Fünf türkische Journalisten angeklagt

Ihre Berichterstattung über eine umstrittene Armenienkonferenz soll Beleidigung der Justiz gewesen sein

ISTANBUL taz ■ Unter massivem Polizeischutz und begleitet von nationalistischen Demonstranten hat gestern in Istanbul ein Prozess gegen fünf prominente Journalisten begonnen. Die Publizisten, darunter der Chefredakteur der wichtigsten linksliberalen Tageszeitung Radikal, Ismet Berkhan, sind angeklagt, die Justiz beleidigt zu haben. Grund für die Anklage sind jeweils unterschiedliche Artikel und Kommentare, in denen das Istanbuler Bezirksgericht Sisle kritisiert wurde, weil es eine wissenschaftliche Armenienkonferenz verbieten wollte.
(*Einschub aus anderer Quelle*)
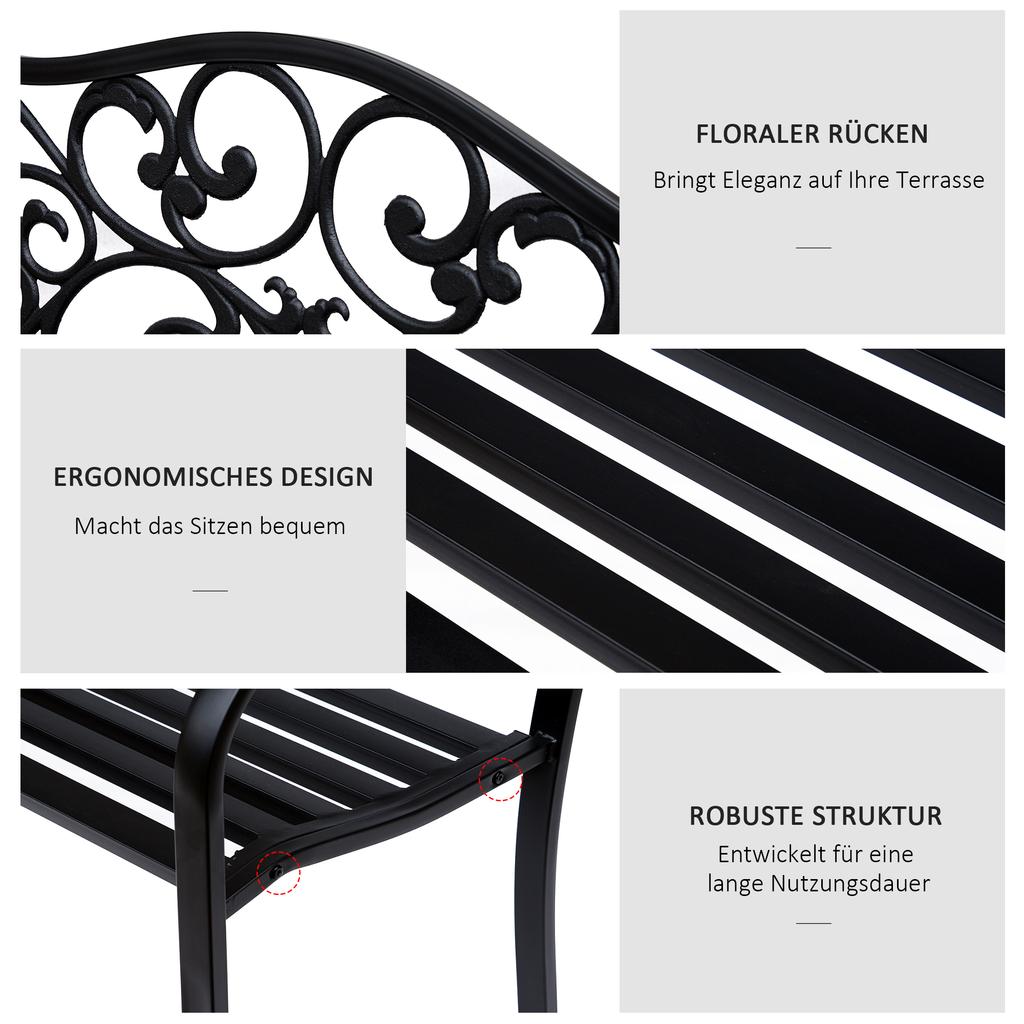 Metal Garden Bench with Floral Backrest and Armrests - Black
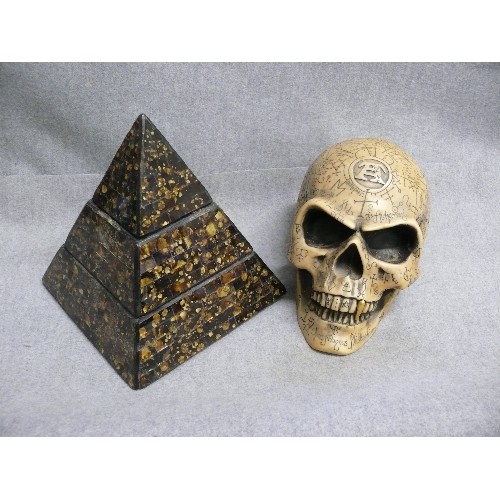 51 - THE VAULT BY ALCHEMY SKULL WITH PYRAMID SHAPED 3 LEVEL STORAGE BOX IN BLACK AND GOLD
Der gestern begonnene Prozess ist praktisch die Folgeveranstaltung zu dem aus formalen Gründen eingestellten Prozess gegen den Schriftsteller Orhan Pamuk. Allerdings haben die jetzt angeklagten Journalisten sich in ihren Artikeln gar nicht direkt zur umstrittenen Armenienfrage geäußert, sondern lediglich darauf bestanden, dass ein Gericht nicht in die Freiheit der Universitäten, die die Armenienkonferenz veranstalten wollten, eingreifen sollte.

Die gestrige Verhandlung fand unter reger Anteilnahme befreundeter Journalisten und anderen Unterstützern der Angeklagten statt. Gleichzeitig hatten aber auch rechtsradikale nationalistische Vereine mobilisiert, deren Anwälte in dem Prozess als Nebenkläger vertreten sind. Das Gericht behandelte gestern vor allem formale Fragen nach Zuständigkeit und möglicher Verjährung der fraglichen Delikte. Nach teilweise turbulenten Szenen im Gerichtssaal, bei denen die so genannten „patriotischen Anwälte“ den Richter niederschrien, weil er ihnen nicht das Wort erteilen wollte, wurde der Prozess auf Anfang April vertagt.

Die Türkei ließ erst in jüngster Zeit ein Diskussion über die Massaker gegen Armenier im früheren Osmanischen Reich zu. Die Einstufung als Völkermord lehnt Ankara jedoch ab.